## Exercise instructions:
Repeat each entry exactly, but do not carry over the pictures.

Extracted records below:

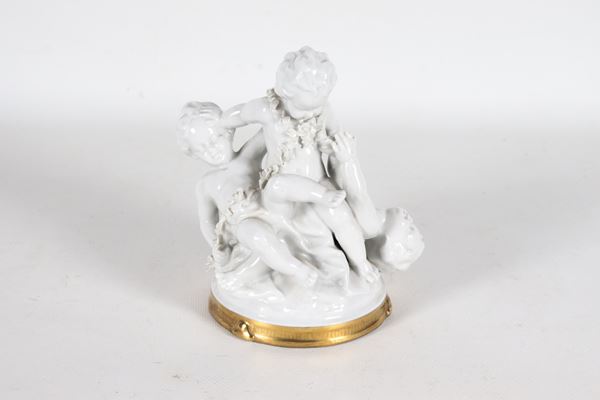 "Putti festanti", piccolo gruppo in porcellana bianca smaltata Capodimonte 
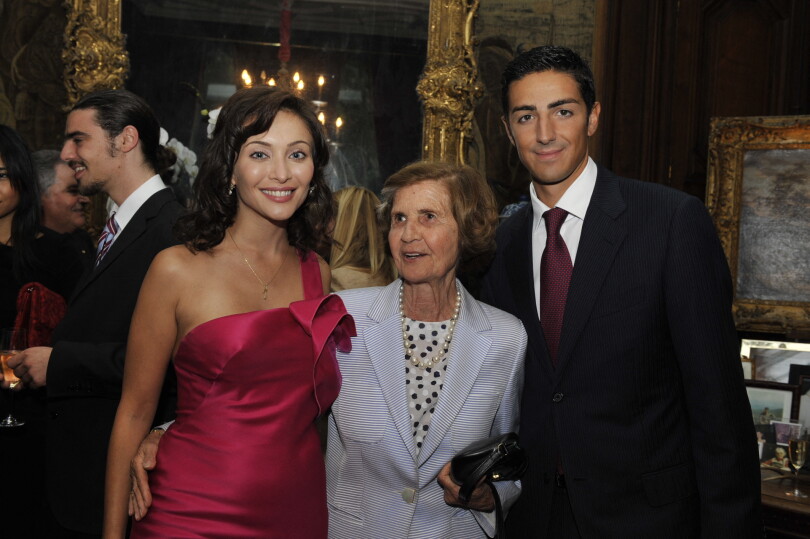 La princesse de Ligne-La Trémoille avec son petit-fils, le prince Édouard de Ligne, et son épouse, Isabella, en 2009.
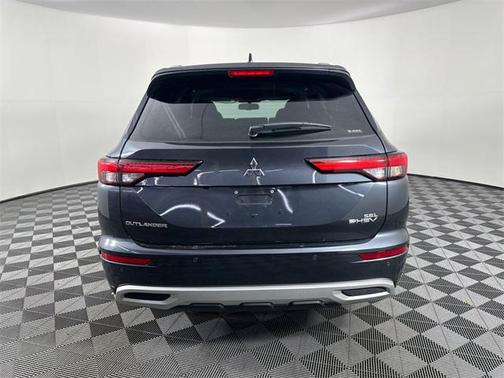 2025 Mitsubishi Outlander PHEV SEL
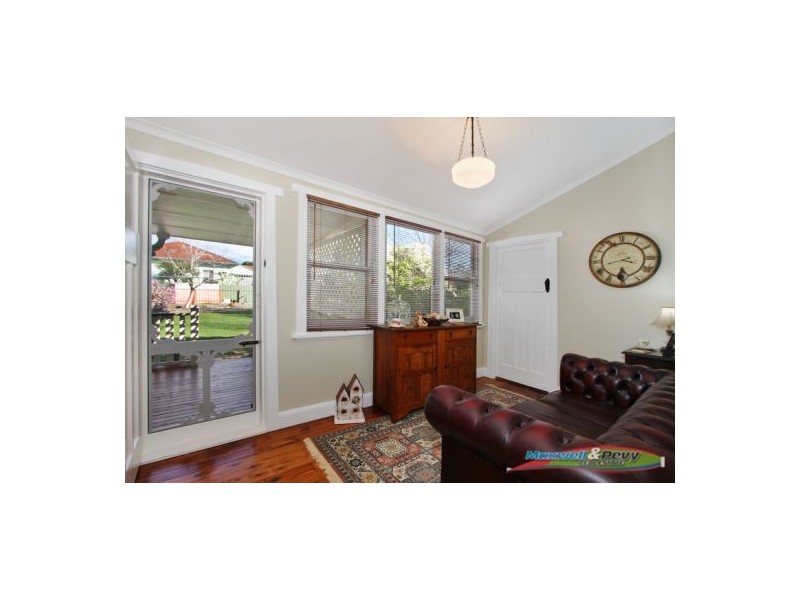 15 Gidley Street, Tamworth NSW 2340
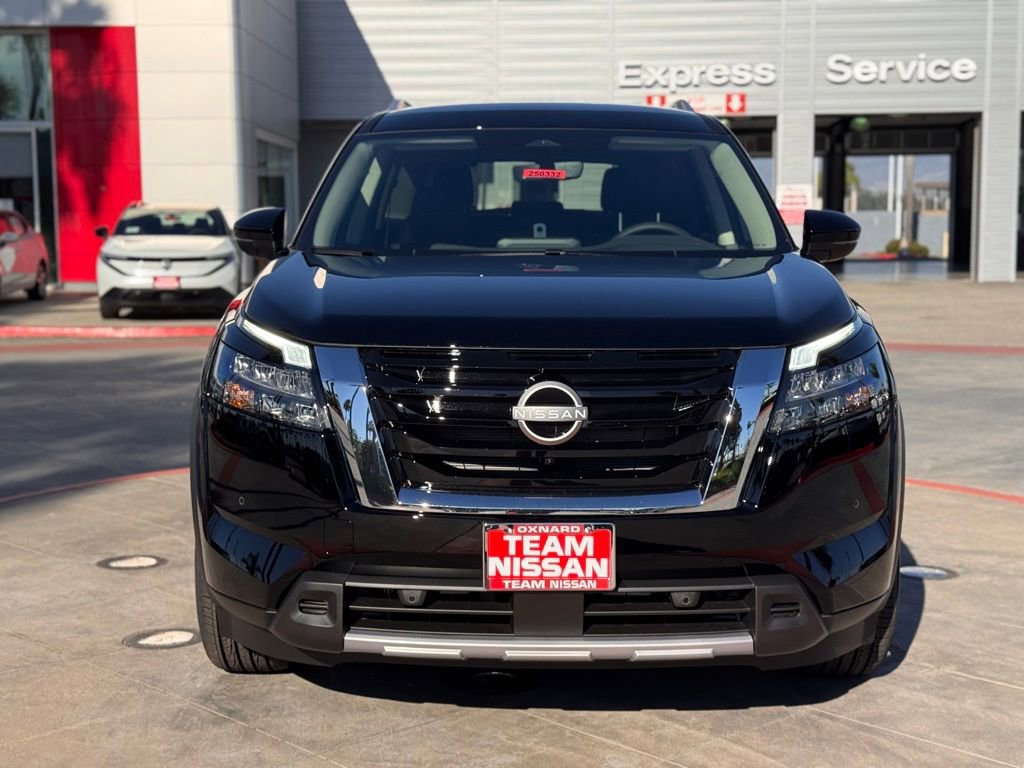 New 2025 Nissan Pathfinder SL image 3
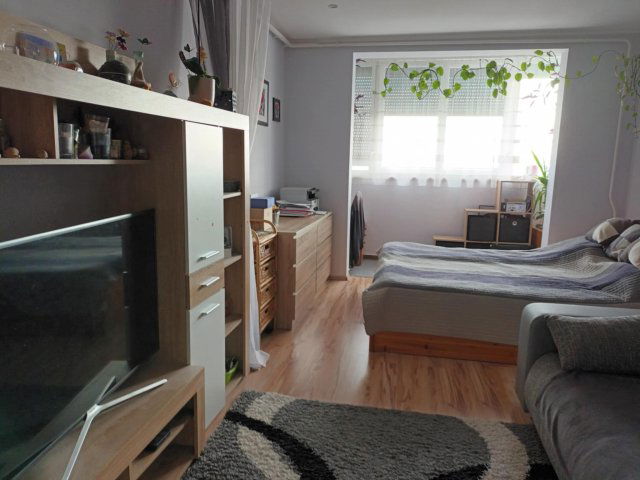 Eladó panellakás, Debrecenben, Borbíró téren 69.9 M Ft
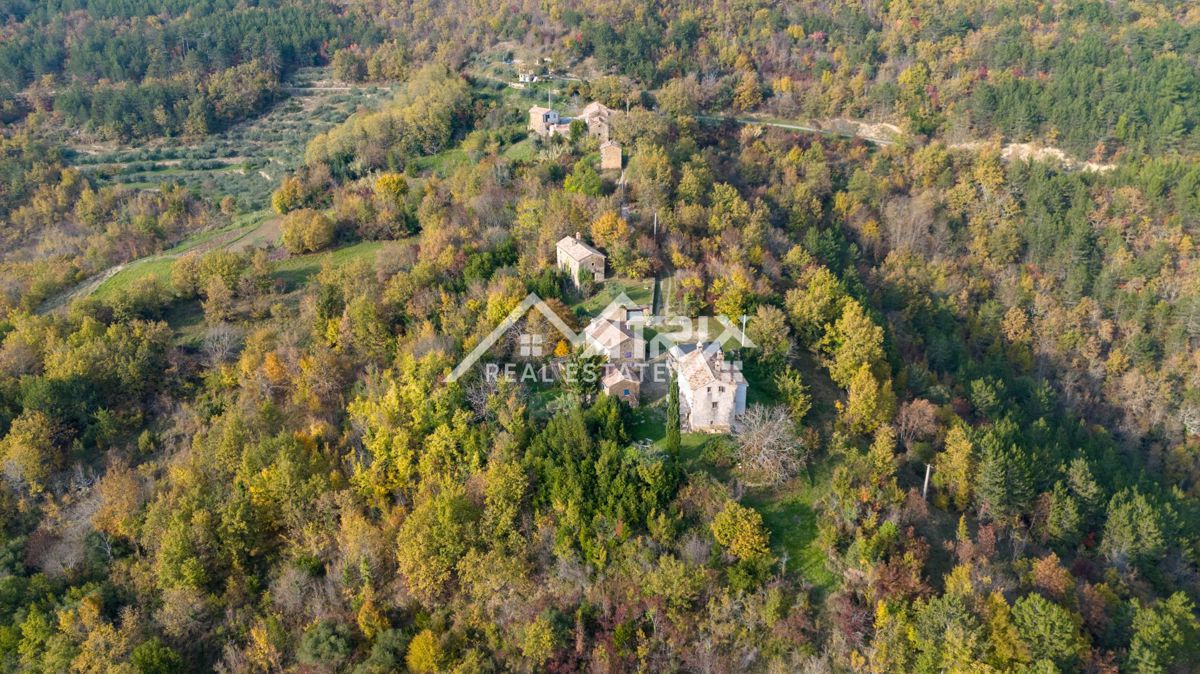 Motovunsko okolje, avtentičen kamniti kompleks na griču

End of Extracted records.

## Worked solution:
 "Putti festanti", piccolo gruppo in porcellana bianca smaltata Capodimonte 
 La princesse de Ligne-La Trémoille avec son petit-fils, le prince Édouard de Ligne, et son épouse, Isabella, en 2009.
 2025 Mitsubishi Outlander PHEV SEL
 15 Gidley Street, Tamworth NSW 2340
 New 2025 Nissan Pathfinder SL image 3
 Eladó panellakás, Debrecenben, Borbíró téren 69.9 M Ft
 Motovunsko okolje, avtentičen kamniti kompleks na griču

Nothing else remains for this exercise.